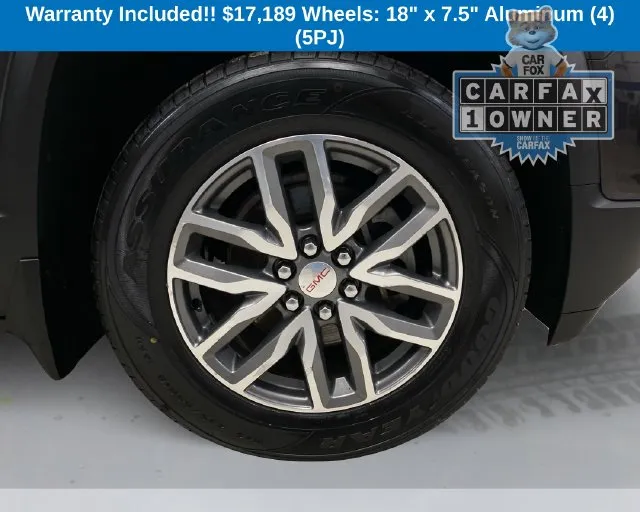 GMC Acadia photo 17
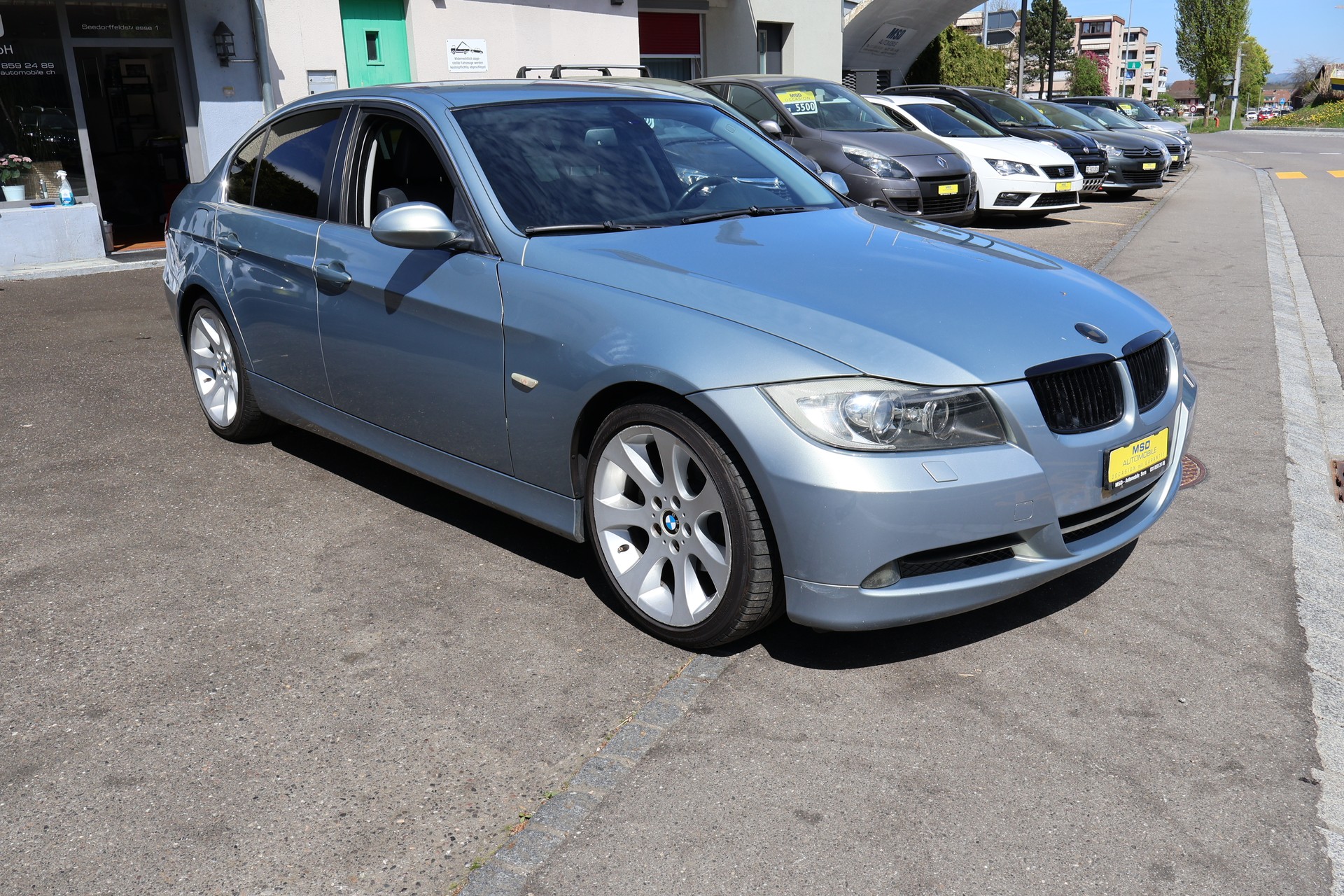 BMW 325i more4you-image-1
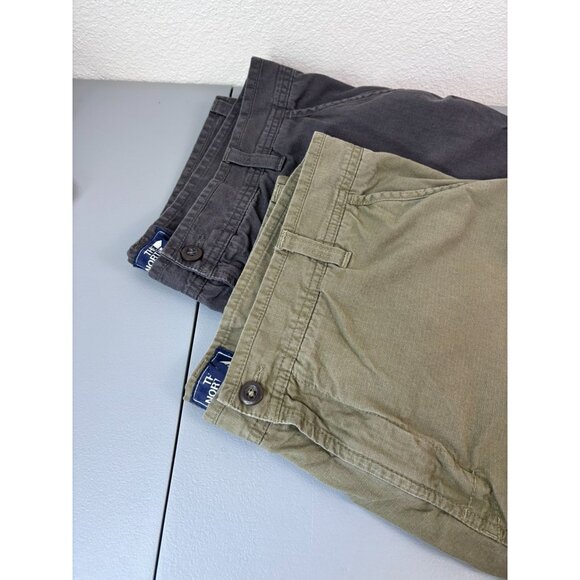 The North Face men's 40 regular lot of 2 hiking cargo shorts 12" inseam outdoors - Picture 2 of 8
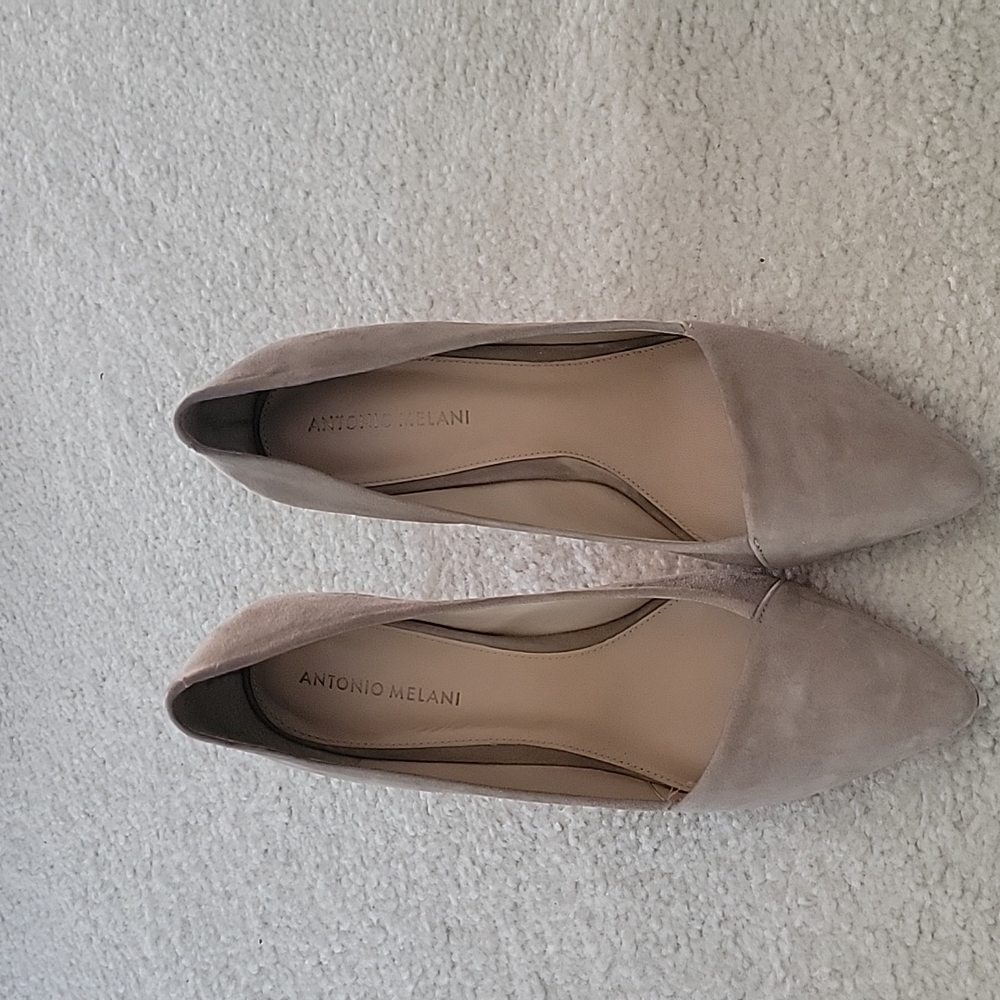 Suede pumps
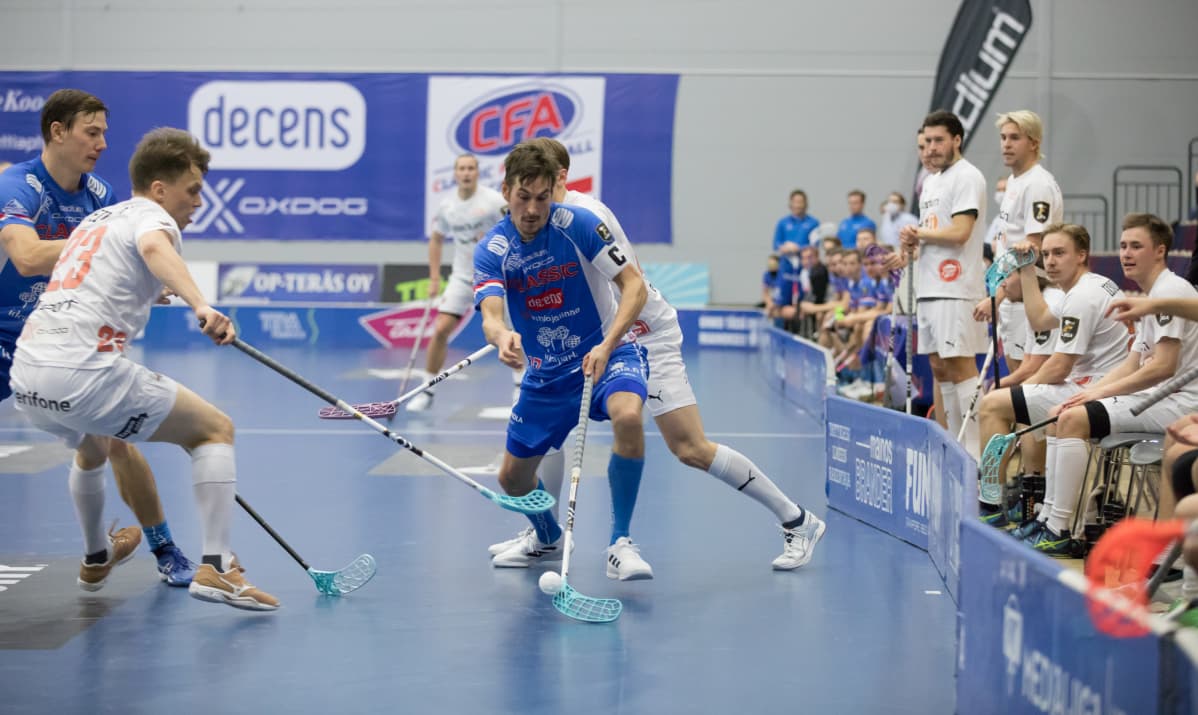 Classicin Janne Lamminen pallon kanssa.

> ACTIVITY
Your copy should consist only of the lines from the line holding "Suede pumps" through the final line of the listing above, both included, with all pictures omitted.

> SOLUTION TO THIS PROBLEM
 Suede pumps
 Classicin Janne Lamminen pallon kanssa.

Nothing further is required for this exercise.